§ **DATA FOR THIS TASK**
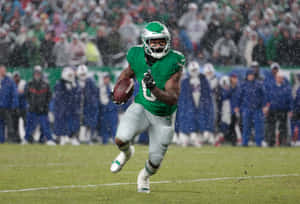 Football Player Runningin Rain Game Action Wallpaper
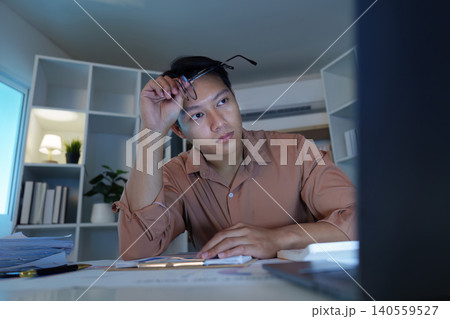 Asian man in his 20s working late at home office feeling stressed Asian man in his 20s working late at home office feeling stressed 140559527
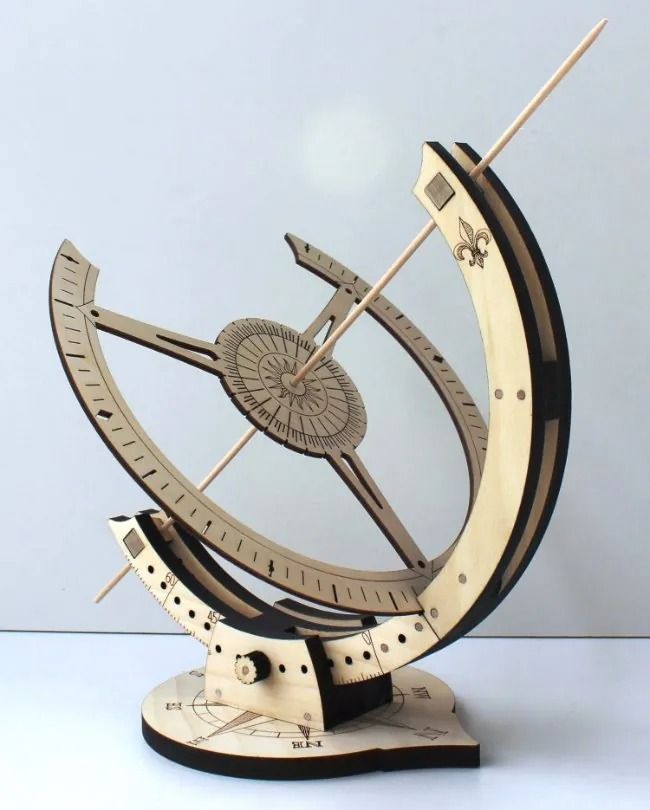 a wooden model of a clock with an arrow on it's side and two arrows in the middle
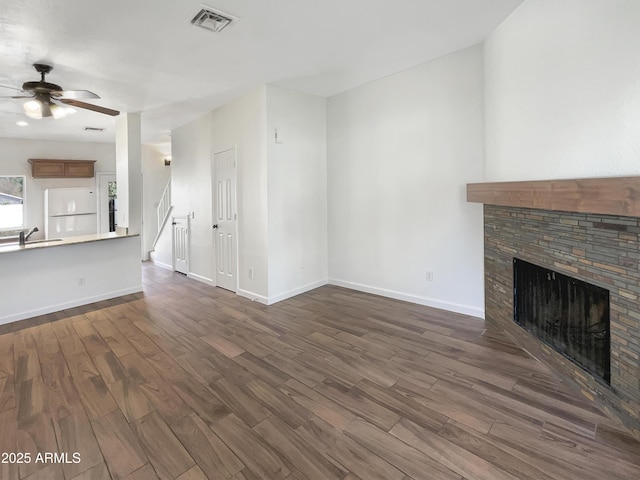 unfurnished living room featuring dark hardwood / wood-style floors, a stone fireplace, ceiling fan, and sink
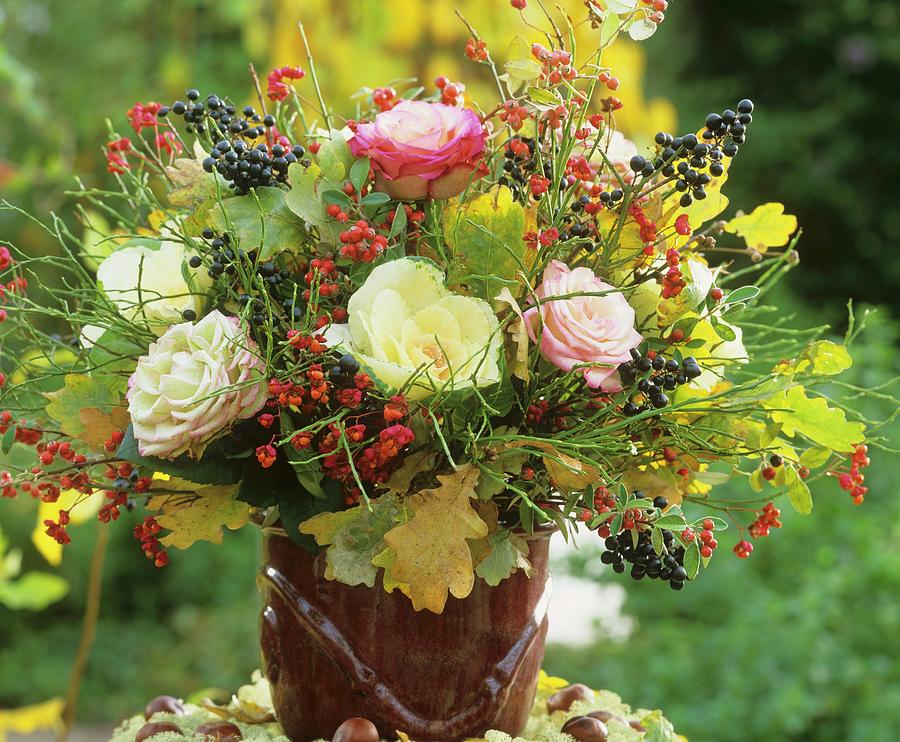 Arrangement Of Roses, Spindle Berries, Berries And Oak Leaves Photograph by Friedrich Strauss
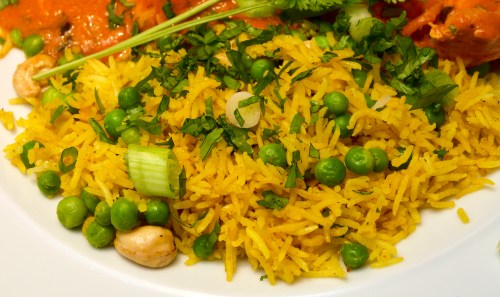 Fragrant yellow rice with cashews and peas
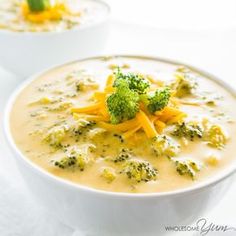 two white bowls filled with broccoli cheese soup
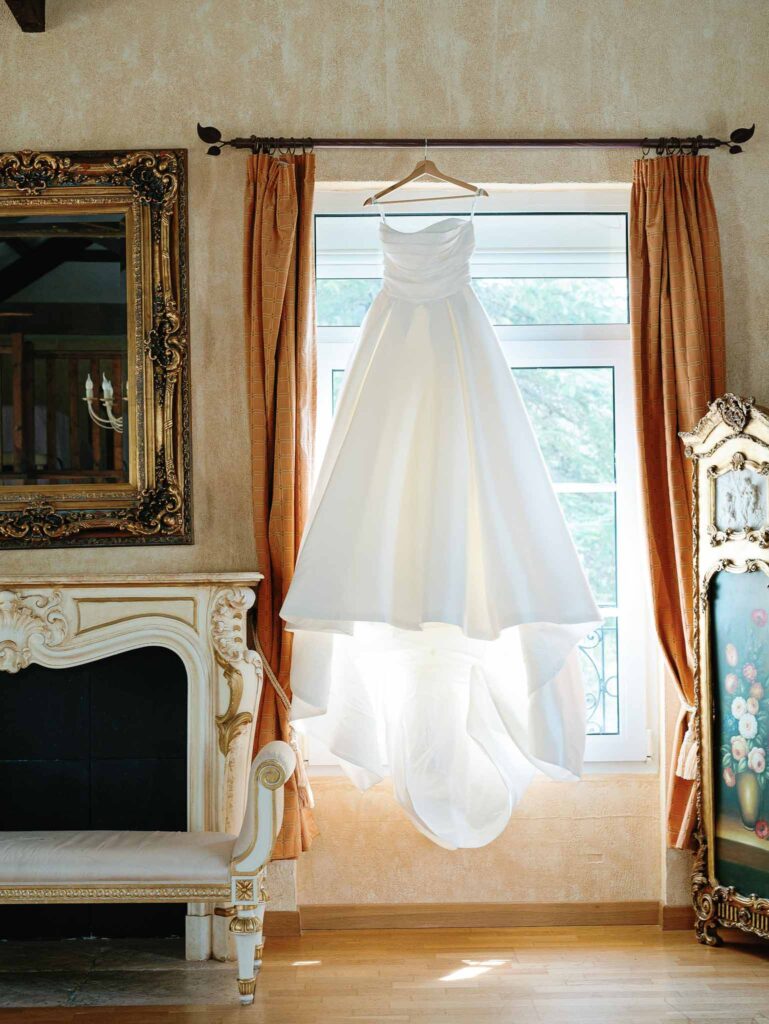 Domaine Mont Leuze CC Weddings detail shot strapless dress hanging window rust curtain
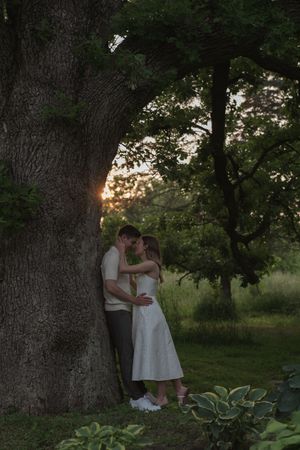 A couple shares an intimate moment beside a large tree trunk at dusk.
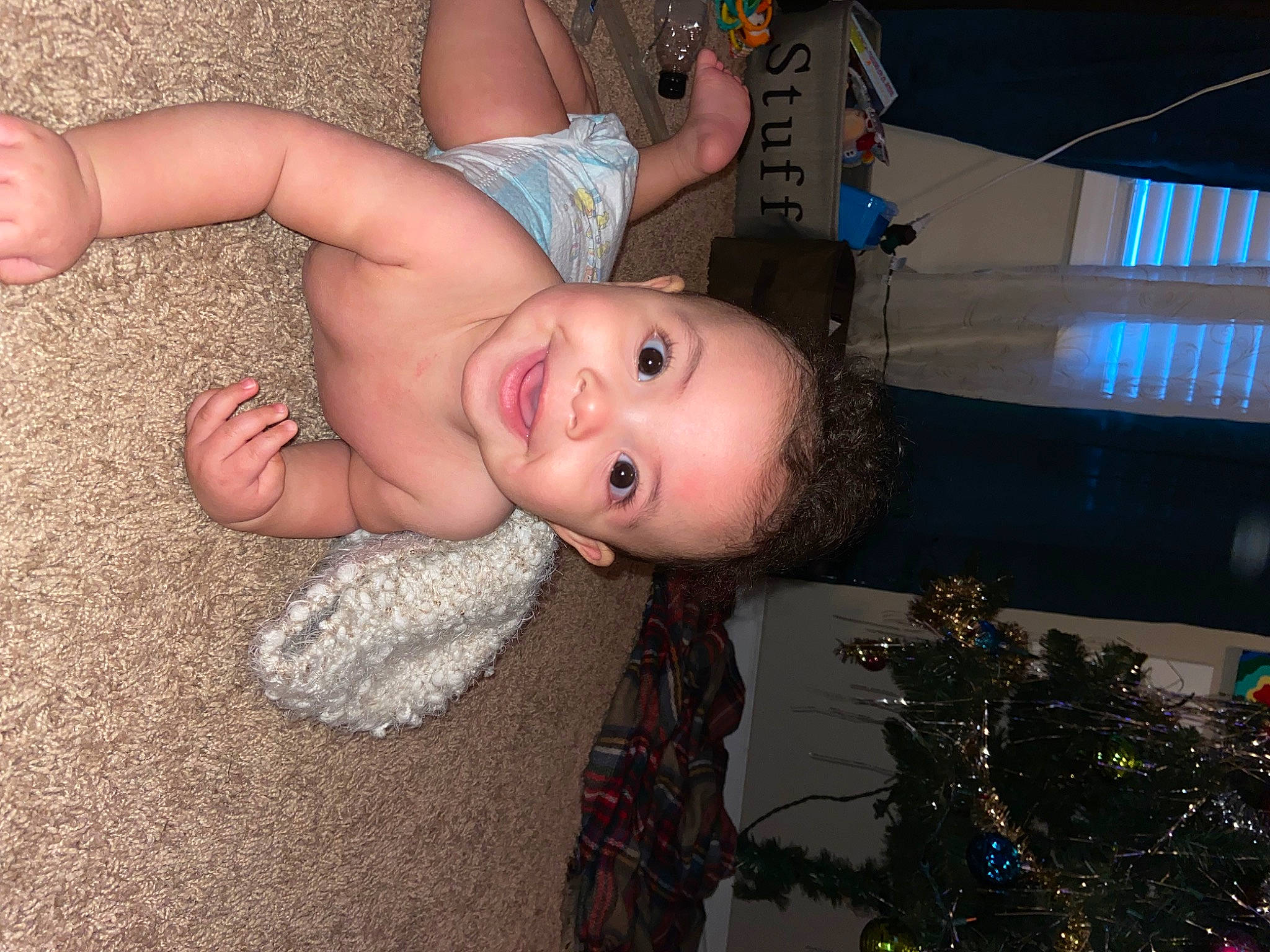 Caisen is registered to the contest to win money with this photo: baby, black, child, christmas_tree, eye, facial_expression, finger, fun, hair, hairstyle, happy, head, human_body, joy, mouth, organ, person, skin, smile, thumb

§ **TASK STATEMENT**
Without the pictures, give back the entries exactly.

§ **OUTPUT FOR THIS EXERCISE**
 Football Player Runningin Rain Game Action Wallpaper
 Asian man in his 20s working late at home office feeling stressed Asian man in his 20s working late at home office feeling stressed 140559527
 a wooden model of a clock with an arrow on it's side and two arrows in the middle
 unfurnished living room featuring dark hardwood / wood-style floors, a stone fireplace, ceiling fan, and sink
 Arrangement Of Roses, Spindle Berries, Berries And Oak Leaves Photograph by Friedrich Strauss
 Fragrant yellow rice with cashews and peas
 two white bowls filled with broccoli cheese soup
 Domaine Mont Leuze CC Weddings detail shot strapless dress hanging window rust curtain
 A couple shares an intimate moment beside a large tree trunk at dusk.
 Caisen is registered to the contest to win money with this photo: baby, black, child, christmas_tree, eye, facial_expression, finger, fun, hair, hairstyle, happy, head, human_body, joy, mouth, organ, person, skin, smile, thumb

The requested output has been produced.